Na semifinal da Copa de 1954, o Uruguai enfrentava a Hungria e estava em desvantagem, perdendo por 2 a 0. No entanto, Hohberg marcou dois gols e conseguiu empatar a partida a poucos minutos do fim. A comemoração do segundo gol, no entanto, resultou em um acidente, onde o jogador ficou inconsciente em campo após ser soterrado por seus colegas de equipe.
Um membro da equipe tentou reanimá-lo, mas sem sucesso. A equipe médica, liderada por Carlos Abate, foi chamada e constatou que Hohberg havia sofrido uma parada cardíaca, ficando sem pulso por alguns segundos. Para reverter a situação, foi administrado Coramina, um estimulante respiratório e cardiovascular da época, que teve efeito positivo.

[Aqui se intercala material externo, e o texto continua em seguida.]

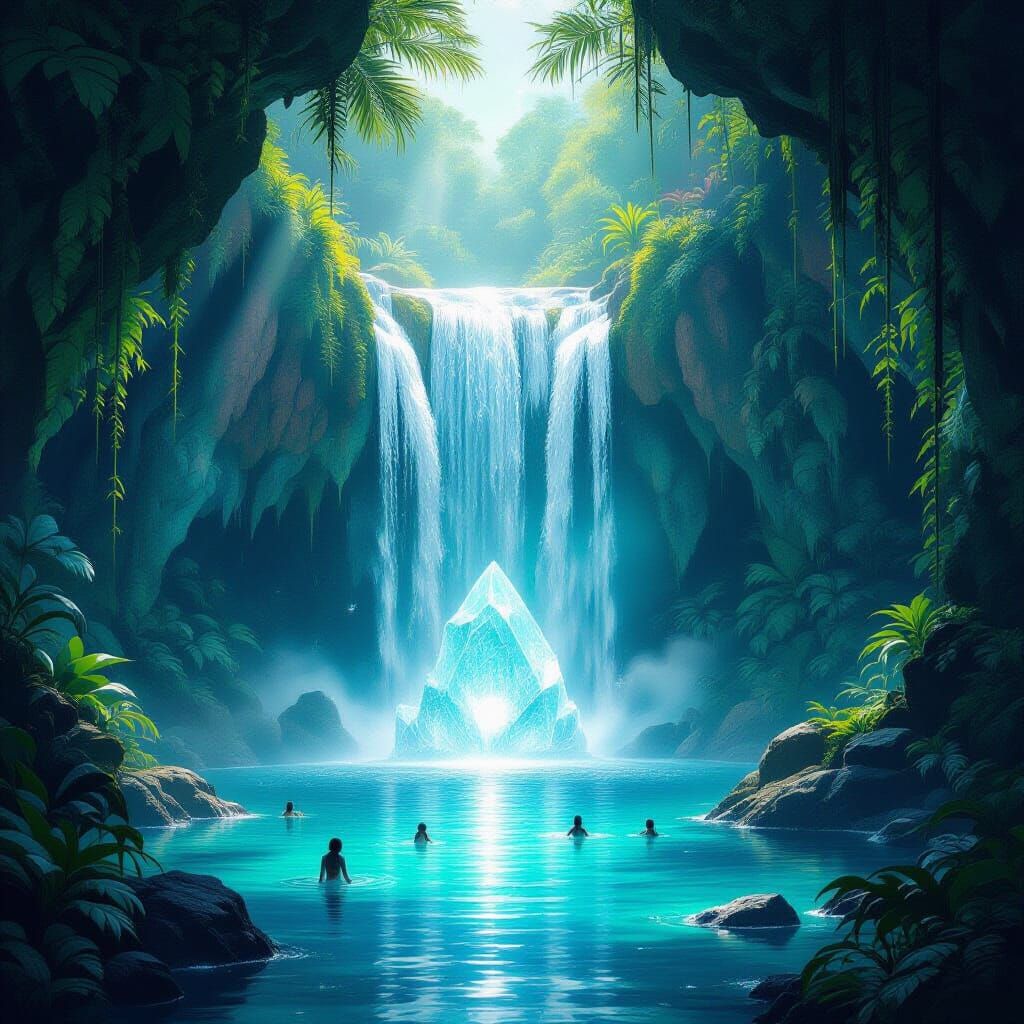 Alien Jungle Grotto with Bioluminescent Flora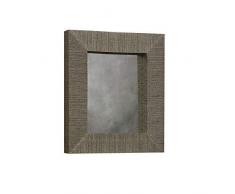 Benjara Mendong Wandspiegel mit erhöhten Kanten, Schwarz/Braun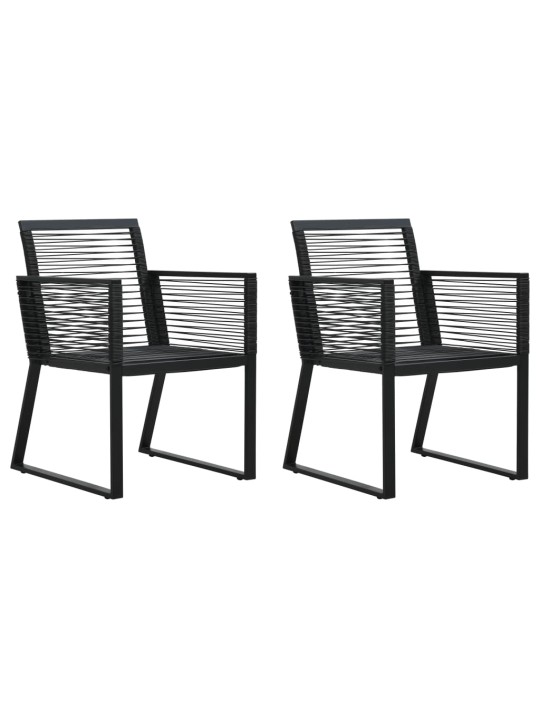 Lauko valgomojo baldų komplektas, 3 dalių, juodas, PVC ratanas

Surpreendentemente, Hohberg insistiu em retornar ao jogo, mesmo sem a possibilidade de substituições. Ele participou dos minutos finais do tempo regulamentar e de toda a prorrogação. Apesar da derrota por 4 a 2, o jogador ainda conseguiu acertar a trave. Quatro dias depois, Hohberg fez o gol de honra do Uruguai na partida contra a Áustria, que terminou em 3 a 1 para os europeus.
Juan Eduardo Hohberg, que era argentino naturalizado uruguaio e ex-atacante do Peñarol, ficou marcado na história do futebol mundial por sua bravura em campo. Sua trajetória é lembrada especialmente em momentos de superação e luta, características que fazem parte do espírito uruguaio.

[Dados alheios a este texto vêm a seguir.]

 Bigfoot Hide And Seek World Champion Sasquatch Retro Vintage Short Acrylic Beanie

A expressão "Uruguai e nada mais" ressoou durante a Copa de 2018, quando o zagueiro Giménez fez o gol da vitória sobre o Egito. O então técnico da Seleção, Oscar Tabárez, expressou um clamor de orgulho nacional que transcende o esporte. Agora, com Marcelo Bielsa à frente da equipe, a busca por essa identidade e pela tradição uruguaia se torna ainda mais crucial, especialmente em um torneio como a Copa do Mundo. A Celeste precisa reencontrar sua essência e demonstrar em campo o que significa ser parte deste seleto grupo de jogadores que representam a nação.